В XIX веке в творчестве писателей и философов все чаще возникает мотив тоски по миру, необезображенному плодами научно-технической революции. Лекарством от буржуазного общества, где все подчинено умеренности и пользе, а чувственность скована, становится Восток — вернее, его образ в глазах европейца Нового времени. Литература полнится экзотическими легендами и сюжетами из истории древних деспотических государств, признанные денди и декаденты украшают дома мозаичными столиками и японским фарфором, в моду входит гашиш.
Художники романтической направленности вполне могли сочетать экзотические редкости с крайней и даже демонстративной бедностью — богема всегда балансировала на границе противоположных классов. Однако для светских хлыщей предметы роскоши часто были способом создать видимость богатства, которым они не обладали. Хорошая иллюстрация этому явлению — картина Павла Федотова «Завтрак аристократа». Разодетый в «восточные» шелка юноша воровато дожевывает кусок пустого хлеба, укрывая ломоть от внезапного гостя. Мода на восточную экзотику, зародившись среди имущих классов, быстро приобрела широкую популярность, и в начале ХХ века японские шкатулки и веера уже считались пошлостью.
Один из парадоксов культуры потребления того времени состоял в том, что воинской элите, то есть офицерам, еще долго вменялась необходимость жить на широкую ногу — поддерживать идеальный внешний вид, посещать строго определенные недешевые магазины и заведения, что они на самом деле не могли себе позволить, не влезая в долги.

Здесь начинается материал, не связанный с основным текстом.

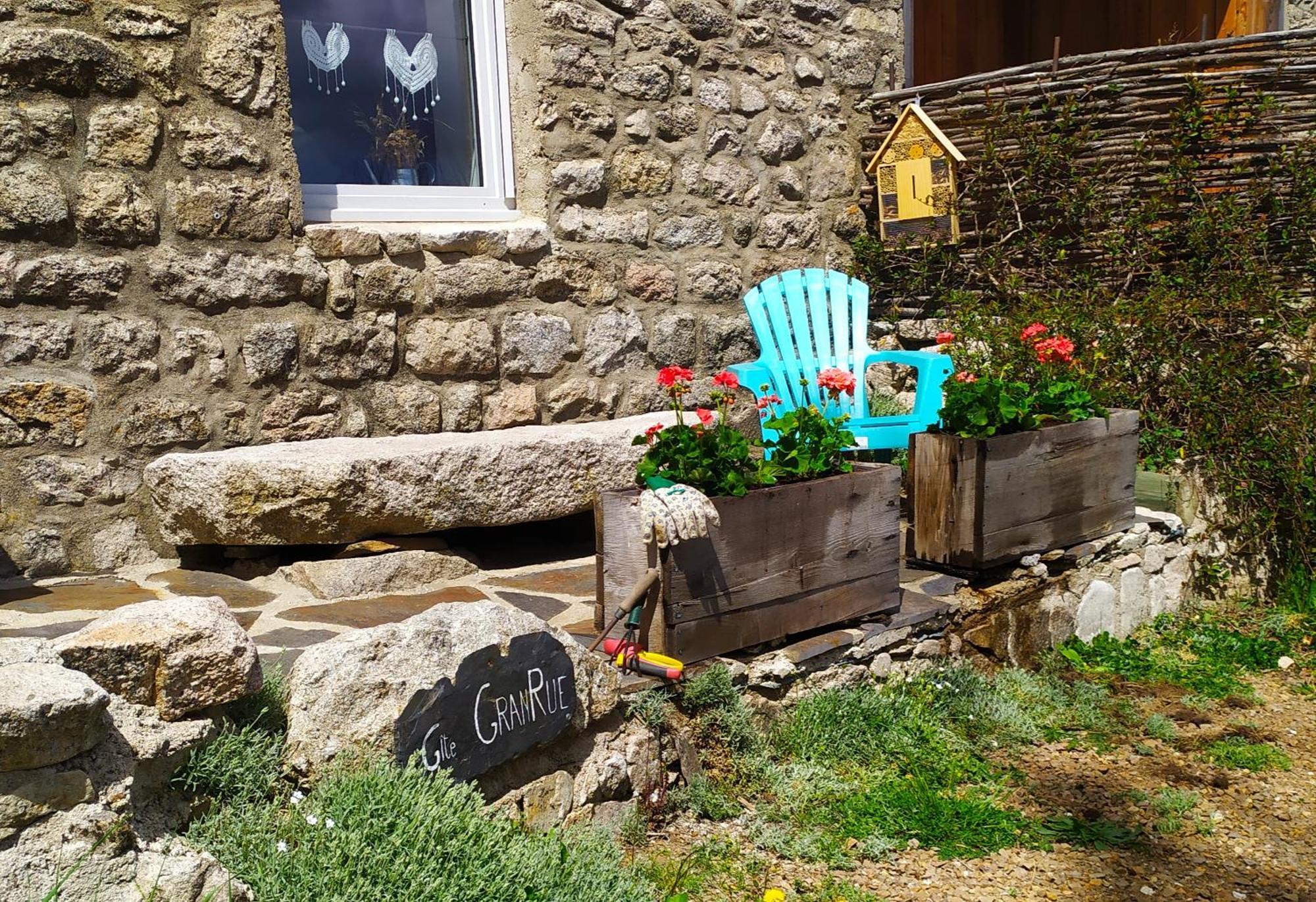 Gites La Boletiere Saint-Étienne-du-Valdonnez Oda fotoğraf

Лев Лурье рассказывает о быте дореволюционных петербургских гвардейцев: «Офицер мог сидеть в театре не дальше седьмого ряда партера. Причем только в двух императорских театрах — в Мариинском и в Михайловском. Если он заказывал вино, то мог выпить один бокал, а платил за целую бутылку. Он не мог торговаться с извозчиками. Там, где другой, обыкновенный человек платил 15 копеек, ему приходилось платить рубль». В изменившемся мире офицеры все еще были вынуждены выполнять прежнюю рыцарскую обязанность — много тратить.
С давних времен роскошь порицали церковные мыслители — например, святой Бернард Клервосский обрушивался на избыточное убранство храмов, а начиная с Реформации церковный минимализм стал реализовываться на практике протестантами. Джироламо Савонарола разводил во Флоренции «костры тщеславия», куда отправлялись слишком суетные вещи и произведения искусства. Но приметы роскошной жизни, меняясь, все же не торопились исчезать.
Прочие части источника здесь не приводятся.